Monday, December 22, 2008

Relief? Regret?

Well, it's not over - she's still pregnant, but now she's saying that she's decided not to continue this pregnancy.

I was so relieved to hear her say this -- so very, very relieved. I'd spent the whole week obsessively worrying about her, feeling alternately like a heel and like a martyr. I kept feeling angry, thinking she was really foolish to consider keeping this baby. Then I would feel angry at myself, for not supporting her 'decision' to keep the baby. Then I would feel angry at her again, and then I'd feel left out of the conversation and worried that I had alienated her. That I was not being the pillar of support she needed right now. Then I would feel angry for being needed as a support!

Oh, so much stress and conflicting emotions! I know this issue is close to my own heart. I have been pregnant four times. I only have two children. Do the math. I've lost babies before, one way and another.

Either way, I don't think it was a huge loss to me personally. I know that the potential for human life was there those two other pregnancies, but it never got that to that point. Does it matter if it was intentional or not? I thought I was over these feelings, but I think all my own defenses and complications came bubbling to the front.

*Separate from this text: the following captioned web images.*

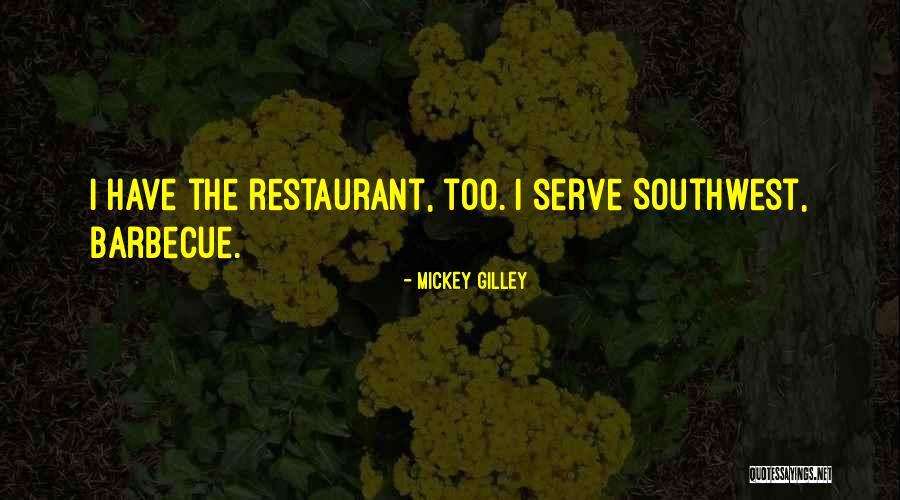 Barbecue Quotes By Mickey Gilley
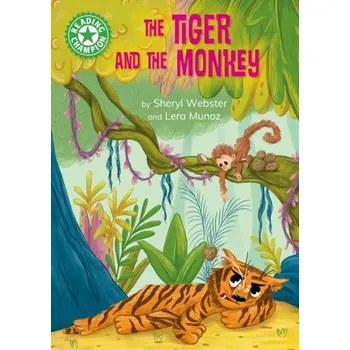 Anglický jazyk Reading Champion: The Tiger and the Monkey - Webster, Sheryl [EN] (2024, Taschenbuch, Hachette Children\'s Group)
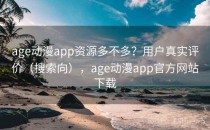 age动漫app资源多不多？用户真实评价（搜索向），age动漫app官方网站下载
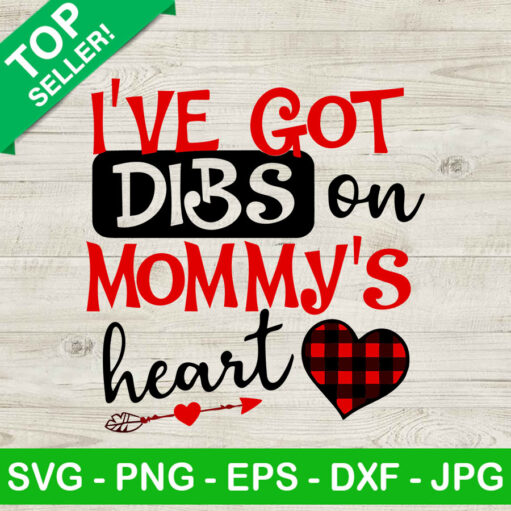 Ive Got Dibs On Mommys Heart SVG Mommy Valentine SVG
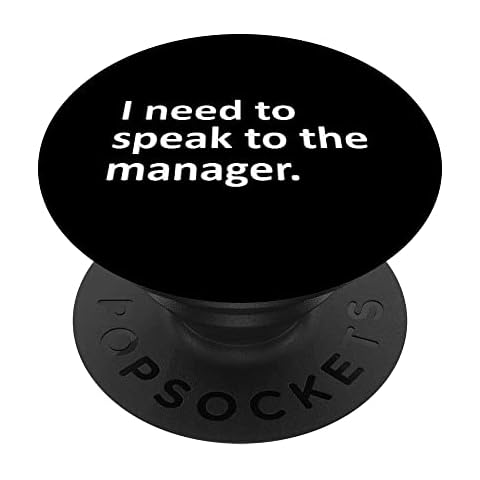 I Need To Speak To The Manager Funny Sarcastic Ironic PopSockets Swappable PopGrip Cover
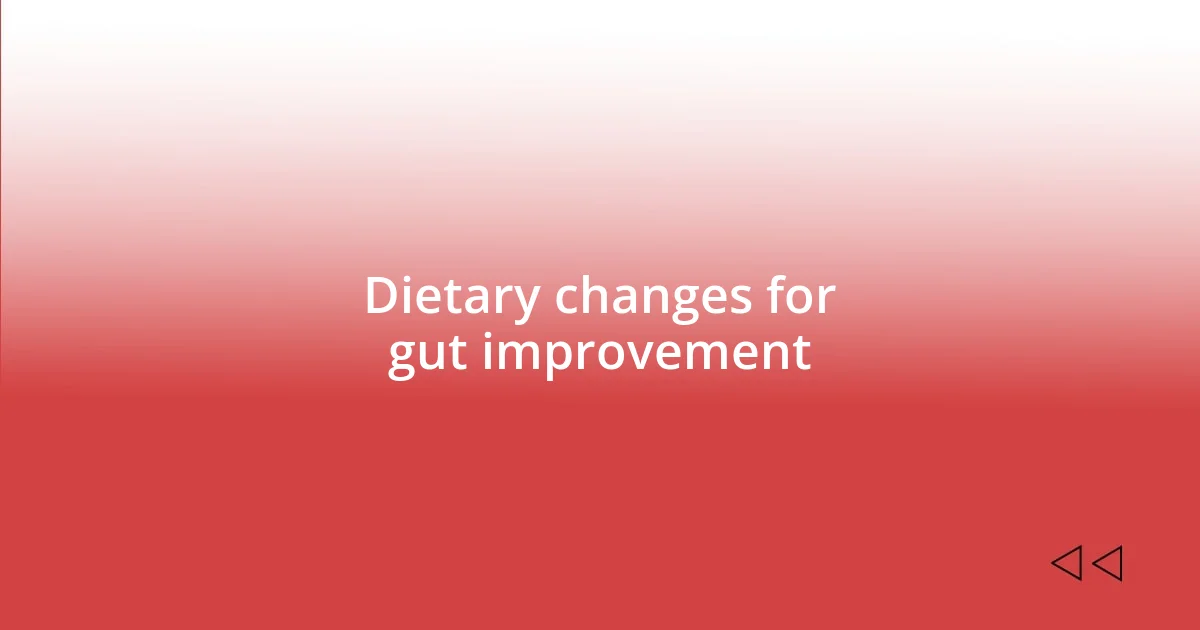 Dietary changes for gut improvement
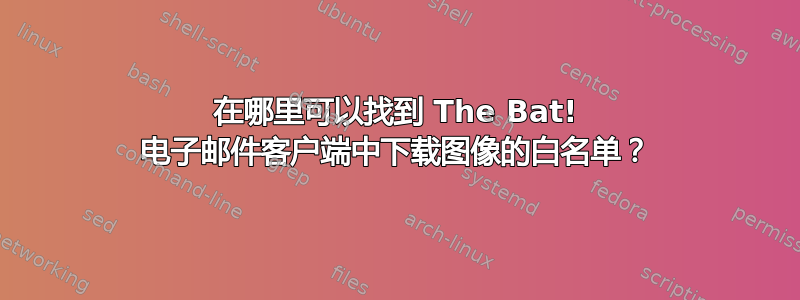 在哪里可以找到 The Bat! 电子邮件客户端中下载图像的白名单？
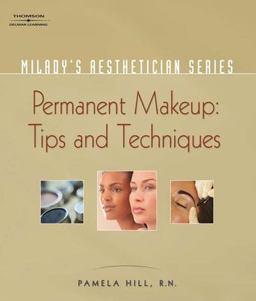 Milady's Aesthetician Series Permanent Makeup, Tips and Techniques  9781401881733 Front Cover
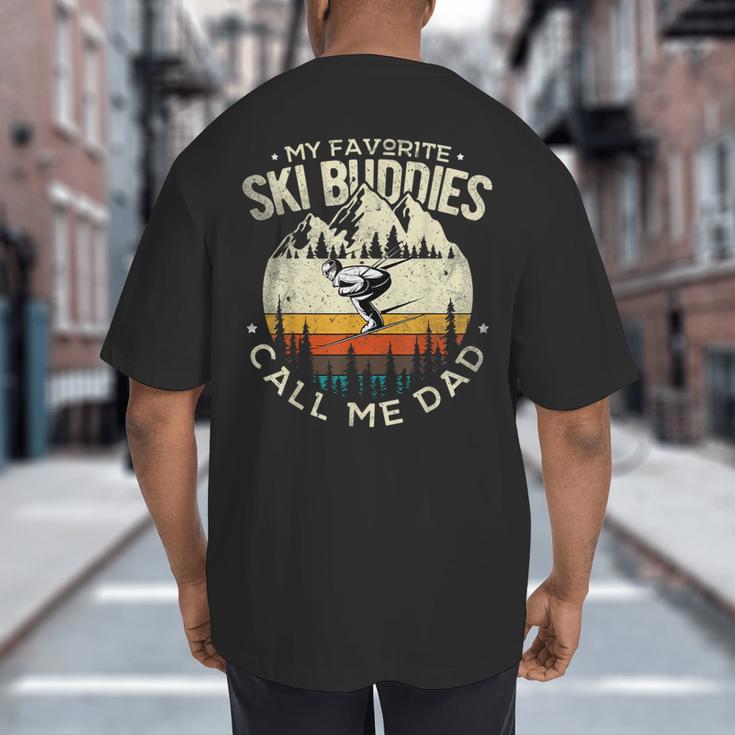 Skier Dad Ski Dad My Favorite Ski Buddies Call Me Dad Ski Big And Tall Men's T-Shirt Back Print
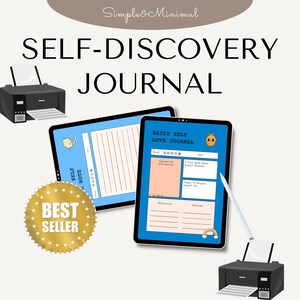 Può includere: Un diario digitale di auto-scoperta con sfondo blu, con il testo "SELF-DISCOVERY JOURNAL". L'immagine include un badge "BEST SELLER", due tablet con pagine di diario e due stampanti. Le pagine del diario contengono suggerimenti per l'auto-riflessione.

A part of me keeps saying (only to myself, and not to her!), Well... okay, yes, those are all good reason why not have a baby.... but really, well... why not? Have one here. This is a good home. This is a nice family. How could this be bad?

Bat shit crazy is how I feel, honestly. But mainly I'm relieved to know that her rational mind took over and weighed all the options, and she has decided to do what is best for her. She took a week, thought it over, and made up her mind.

I just hope she a) follows up on taking care of this and b) doesn't change her mind either now or after it's too late.